O técnico Marcelo Martelotte lamenta que o torcedor critique o estilo de jogo do Santa Cruz e discorda dessa leitura. Para ele, o time joga para frente, mas alguns desfalques têm atrapalhado a ofensividade da equipe.
- Já coloquei três atacantes, não sou defensivo, mas nem sempre tenho opções. Com as lesões dos meias Natan e Renatinho, por exemplo, não tive as peças ofensivas para substituí-los, então fica difícil armar uma equipe para frente.
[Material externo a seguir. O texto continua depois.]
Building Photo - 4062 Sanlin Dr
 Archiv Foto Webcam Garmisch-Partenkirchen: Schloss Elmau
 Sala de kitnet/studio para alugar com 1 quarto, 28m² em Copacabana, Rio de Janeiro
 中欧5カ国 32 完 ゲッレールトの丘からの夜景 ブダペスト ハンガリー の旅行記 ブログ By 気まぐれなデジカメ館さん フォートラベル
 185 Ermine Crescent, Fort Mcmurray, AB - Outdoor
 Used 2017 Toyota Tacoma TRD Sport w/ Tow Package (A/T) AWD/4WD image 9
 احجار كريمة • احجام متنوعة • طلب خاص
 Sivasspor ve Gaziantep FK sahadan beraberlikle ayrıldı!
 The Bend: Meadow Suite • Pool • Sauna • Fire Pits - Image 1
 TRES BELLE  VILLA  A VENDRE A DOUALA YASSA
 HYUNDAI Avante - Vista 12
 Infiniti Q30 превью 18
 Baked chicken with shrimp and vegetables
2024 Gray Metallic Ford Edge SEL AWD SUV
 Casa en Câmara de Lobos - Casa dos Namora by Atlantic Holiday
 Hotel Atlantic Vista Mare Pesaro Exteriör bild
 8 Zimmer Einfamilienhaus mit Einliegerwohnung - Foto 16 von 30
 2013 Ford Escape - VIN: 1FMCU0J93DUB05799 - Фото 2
Outro problema é a falta de um companheiro ideal para o artilheiro Dênis Marques. Durante toda a temporada, Martelotte testou vários jogadores, como Philco, Flávio Caça-Rato, Danilo Santos e Paulo César. Nas últimas rodadas, o preferido do técnico tem sido Caça-Rato, que balançou as redes duas vezes nos últimos três jogos que disputou.